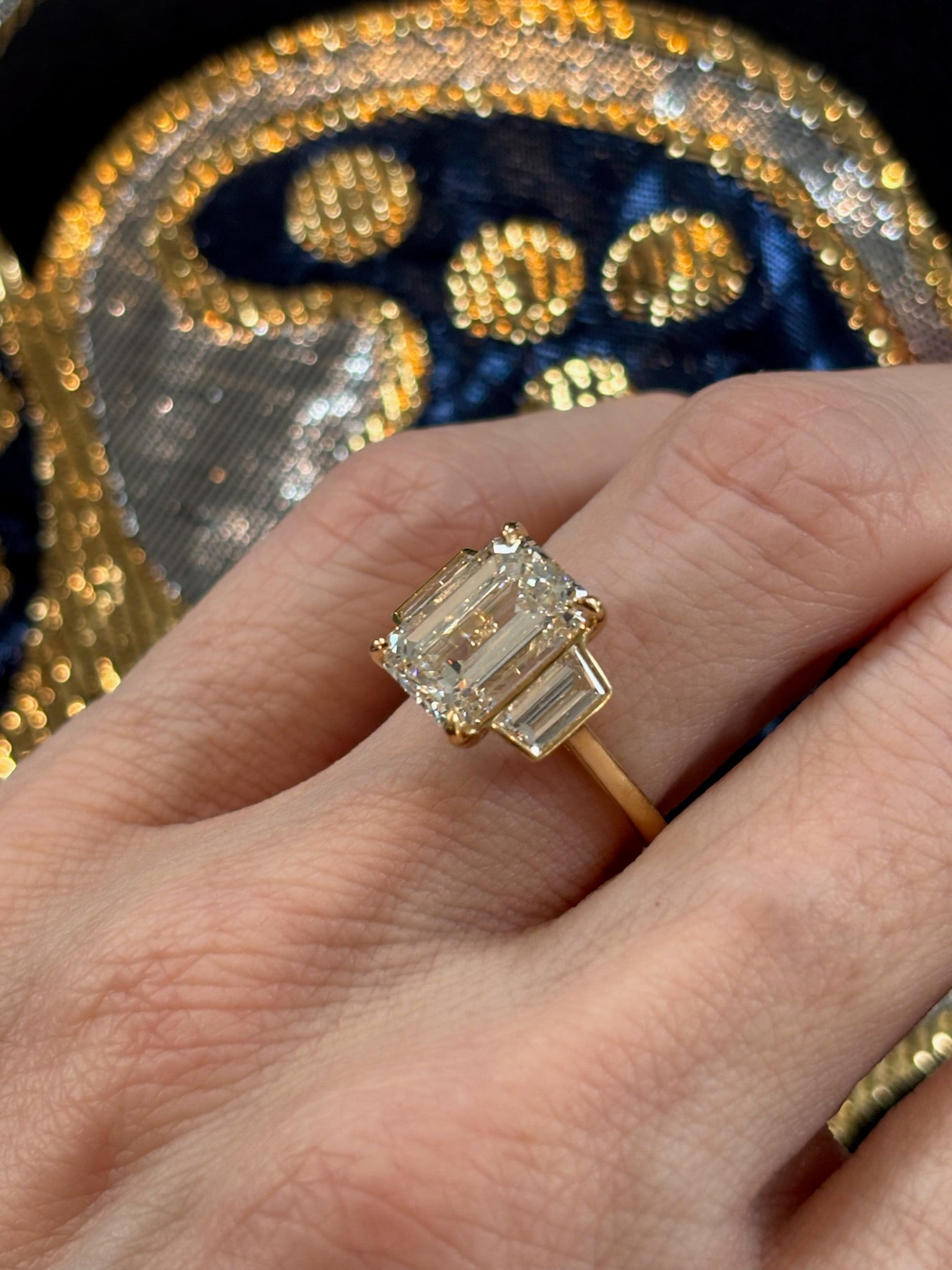 A close-up of a hand wearing the Emerald Cut Diamond Engagement Ring with Trapezoid Side Stones, set in 18k yellow gold, shown against detailed blue and gold embroidery.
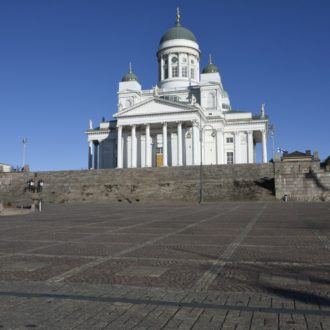 Helsinki’s Lutheran Cathedral is in the background overlooking an empty Senate Square in the spring of 2020.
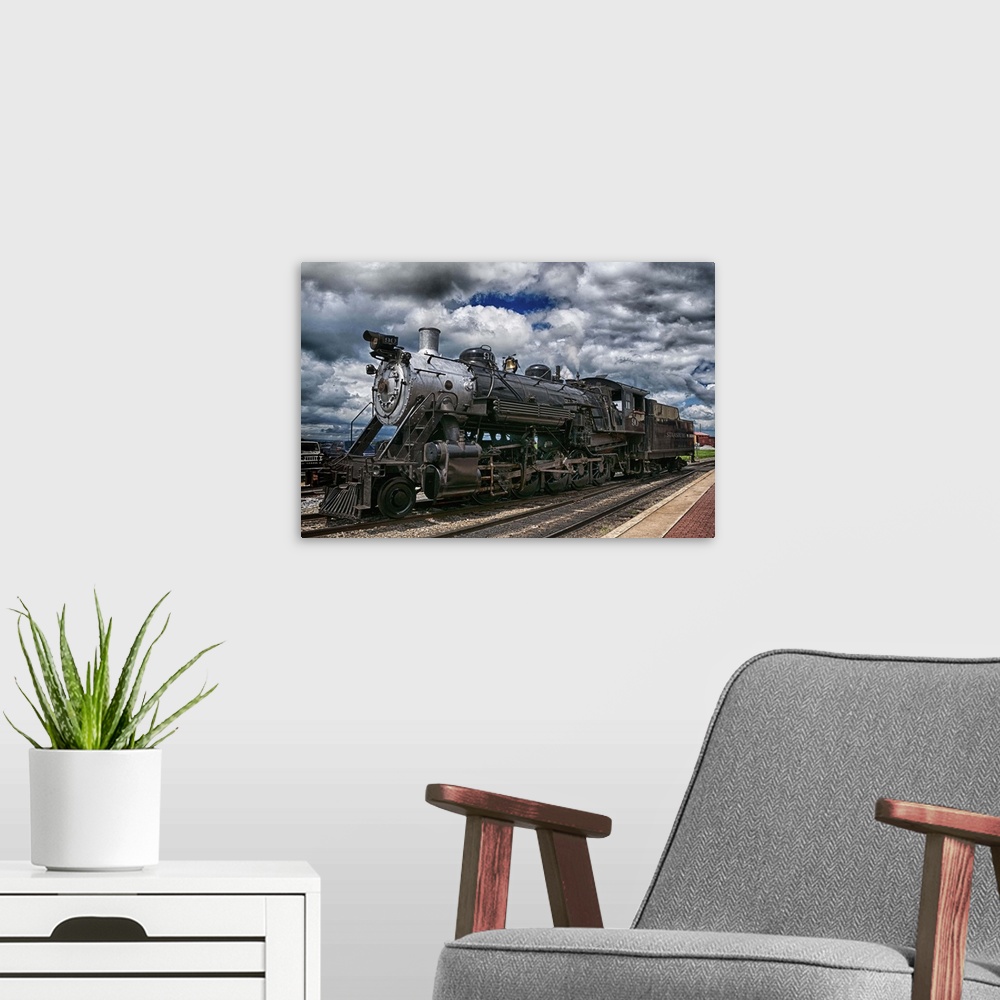 A modern room featuring Photograph of an old steam engine sitting on train train under a dramatic cloudy sky.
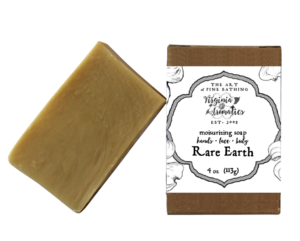 A scrumptious bar of handmade soap alongside its recycled-fiber kraft box.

▶ **Work task**: The response has to be an exact copy of all the data, pictures excluded.

▶ **Output of the task**:
 A close-up of a hand wearing the Emerald Cut Diamond Engagement Ring with Trapezoid Side Stones, set in 18k yellow gold, shown against detailed blue and gold embroidery.
 Helsinki’s Lutheran Cathedral is in the background overlooking an empty Senate Square in the spring of 2020.
 A modern room featuring Photograph of an old steam engine sitting on train train under a dramatic cloudy sky.
 A scrumptious bar of handmade soap alongside its recycled-fiber kraft box.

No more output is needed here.